By adapting the definition of cross-entropy from Information Theory to the neural network domain and interpreting it as a measure of error, the Cross-Entropy Loss is obtained:

$$\boxed{{\mathcal{L}}_{CE}=-\sum _j{y}_j\log (a_j)}$$

To intuitively motivate the superiority of the Cross-Entropy loss over Mean Squared Error (MSE), it’s useful to consider their fundamental differences. MSE is essentially a geometric ($L^2$) distance, which assumes to operate in a space where measuring an $L^2$ distance is meaningful. Its formula is:

$${\mathcal{L}}_{MSE}=\frac{1}{n}\sum _{j=1}^n(y_j-a_j{)}^2⟺\frac{1}{n}\Vert \mathbf{y}-\mathbf{a}{\Vert }_2^2$$

In contrast, ${\mathcal{L}}_{CE}$ measures the “distance” in terms of the bits of information between the desired outputs ($y_j$) and the actual outputs ($a_j$). This perspective is more consistent with the domain of neural networks, which are trained on data—that is, on information itself.

The Loss Function That Shaped Deep Learning

Empirically, it is observed that using ${\mathcal{L}}_{CE}$ helps neural networks converge much more effectively. This loss function was one of the key improvements that made Deep Learning practical, enabling networks to be trained faster by using a measure based on Shannon’s Information Theory in place of the $L^2$ distance.

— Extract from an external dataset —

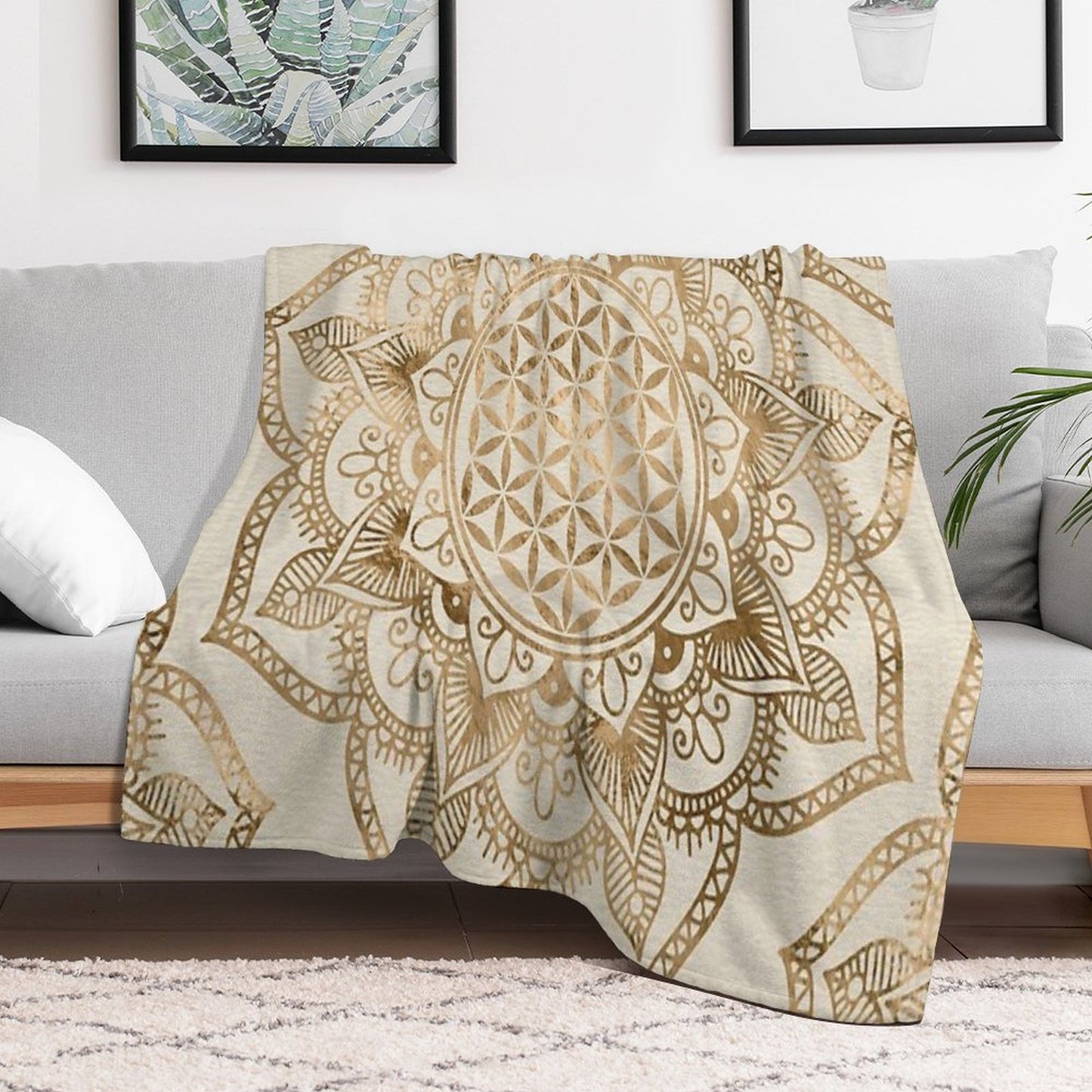 Flower of Life in Lotus - Pastel Golds And Canvas Throw Blanket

${\mathcal{L}}_{CE}$ is a measure that approaches zero as the actual outputs become more similar to the desired outputs.

Cross-Entropy in Modern DL Frameworks

In Deep Learning frameworks like PyTorch, the general theoretical formula for Cross-Entropy (${\mathcal{L}}_{CE}$) is not typically implemented directly. Instead, specialized versions are provided. This is because the ${\mathcal{L}}_{CE}$ formula itself is a direct adaptation of Shannon’s cross-entropy, from Information Theory, to the context of neural networks. The implementations found within these frameworks are the practical, numerically stable specializations of that core concept.

When should cross-entropy be used instead of MSE?

Cross-entropy is almost always the best choice, provided that the output neurons are sigmoid neurons.

To understand why, keep in mind that during a network’s initialization phase, the weights and biases are typically assigned randomly. It’s possible for this initial choice to cause the model to be confidently wrong for some training inputs: for example, an output neuron might saturate near 1 when it should actually return $0$ (or vice-versa).

If the quadratic cost function (MSE) is being used in this scenario, learning will slow down significantly. Learning won’t stop entirely (because the network can still learn from other inputs), but the slowdown is nonetheless undesirable.